WHAT THE TASK ASKS - Restate the listing below word for word; no pictures belong in the copy.

SUPPLIED DATA -

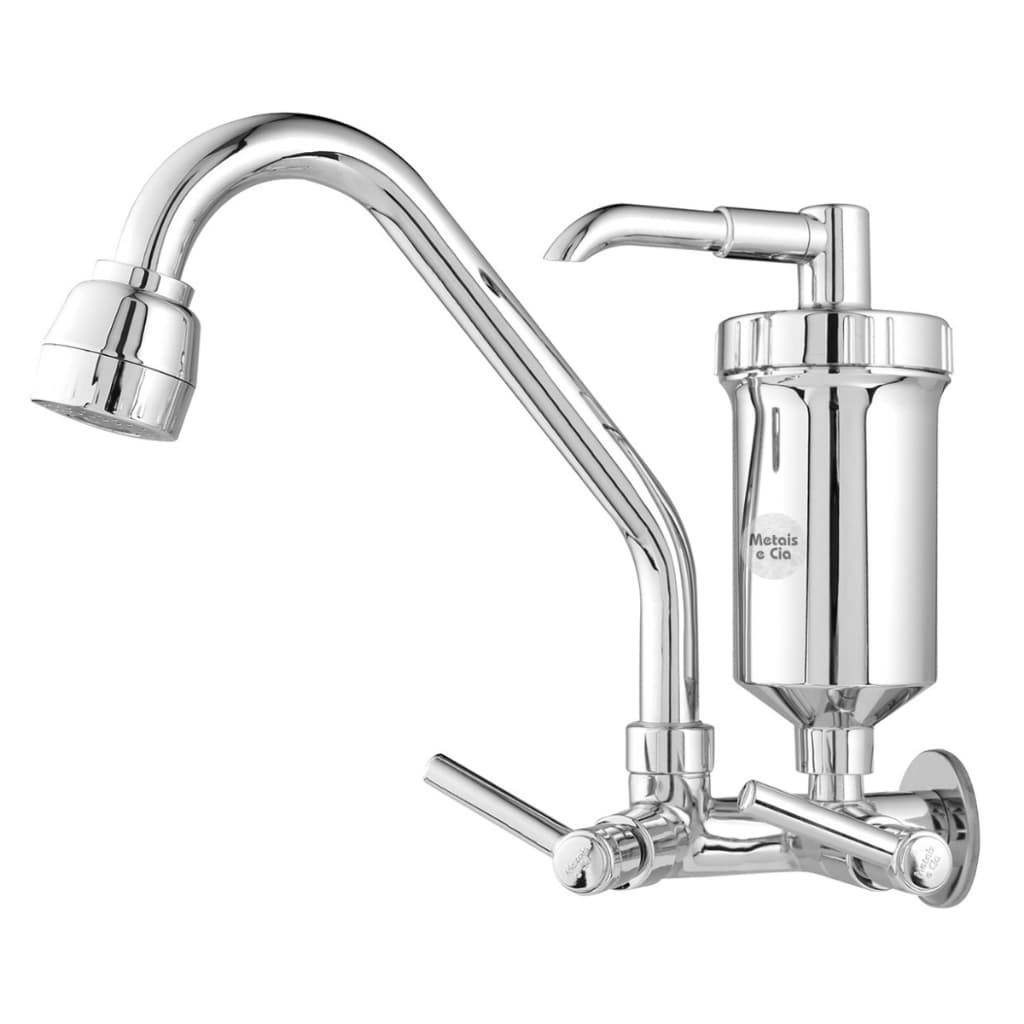 Torneira Cozinha Parede Com Filtro Gourmet Duplo Jato 1/4 Volta Luxo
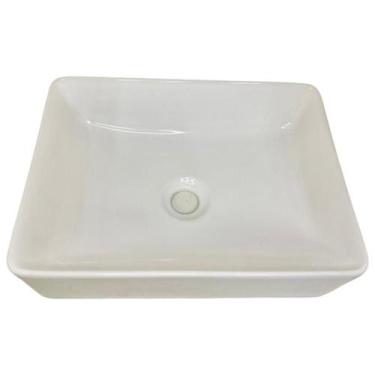 Imagem de Cuba De Apoio Retangular La Bella Griffe Guarujá 40x30cm Branco Louça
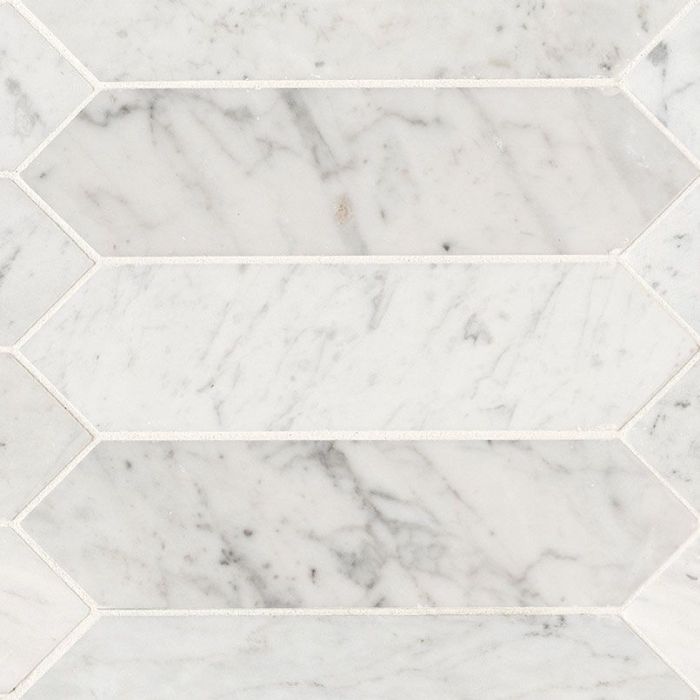 Carrara White 3" x 12" Picket Honed Tile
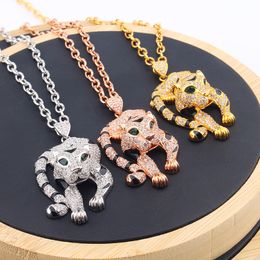 rose long gold silver diamond pendant necklace for women men set tiger Rock Luxury trendy Party Christmas Wedding couple Beads Chain Jewellery Accessories Gifts cool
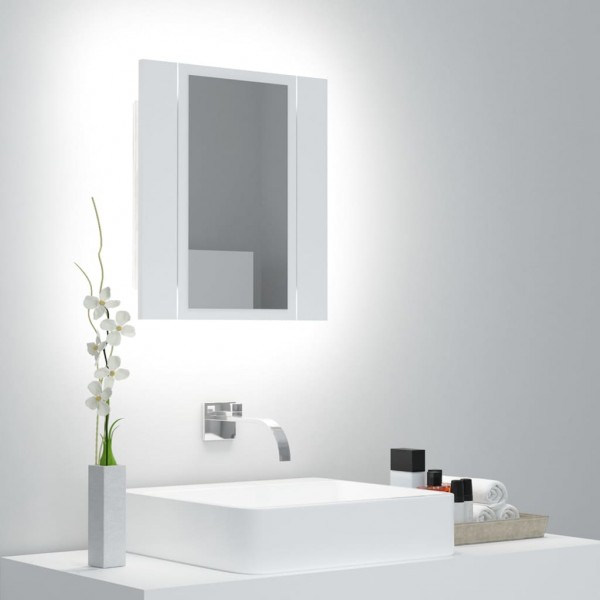 Armário espelho de banheiro com luz LED acrílico branco 40x12x45 cm D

RESPONSE -
 Torneira Cozinha Parede Com Filtro Gourmet Duplo Jato 1/4 Volta Luxo
 Imagem de Cuba De Apoio Retangular La Bella Griffe Guarujá 40x30cm Branco Louça
 Carrara White 3" x 12" Picket Honed Tile
 rose long gold silver diamond pendant necklace for women men set tiger Rock Luxury trendy Party Christmas Wedding couple Beads Chain Jewellery Accessories Gifts cool
 Armário espelho de banheiro com luz LED acrílico branco 40x12x45 cm D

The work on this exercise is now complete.